24/02/07 07:19:15 WARN NativeCodeLoader: Unable to load native-hadoop library for your platform... using builtin-java classes where applicable


In [2]:
from pyspark.sql.functions import udf
from pyspark.sql.types import *

In [3]:
@udf(returnType=IntegerType())
def add_some_stuff(x, y) -> int:
    return x+y



In [6]:
spark.udf.register('udf_add_some_stuff',add_some_stuff)

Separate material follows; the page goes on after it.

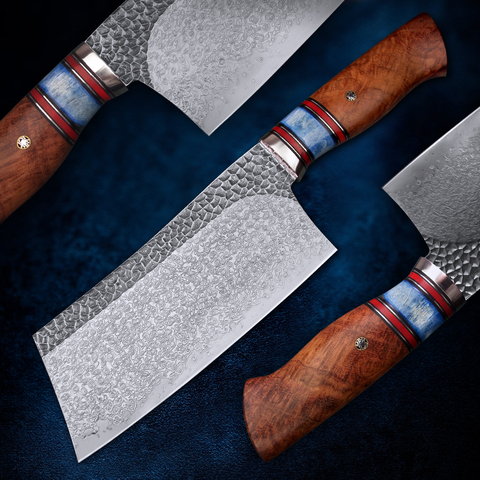 FZIZUO Chinese Cleaver Knife 7inch Damascus Stainless Steel Blade Chef's Knife Kitchen Slicing Knives Cooking Tool ► Photo 1/6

<pyspark.sql.udf.UserDefinedFunction at 0x1133d41d0>

In [4]:
data = [{'x':1, 'y':3}, {'x':5, 'y':2}]
df = spark.createDataFrame(data)
df.createOrReplaceTempView("numbers")

In [7]:
sql = """
    select x, y, udf_add_some_stuff(x,y) as res
    from numbers
"""
spark.sql(sql).show()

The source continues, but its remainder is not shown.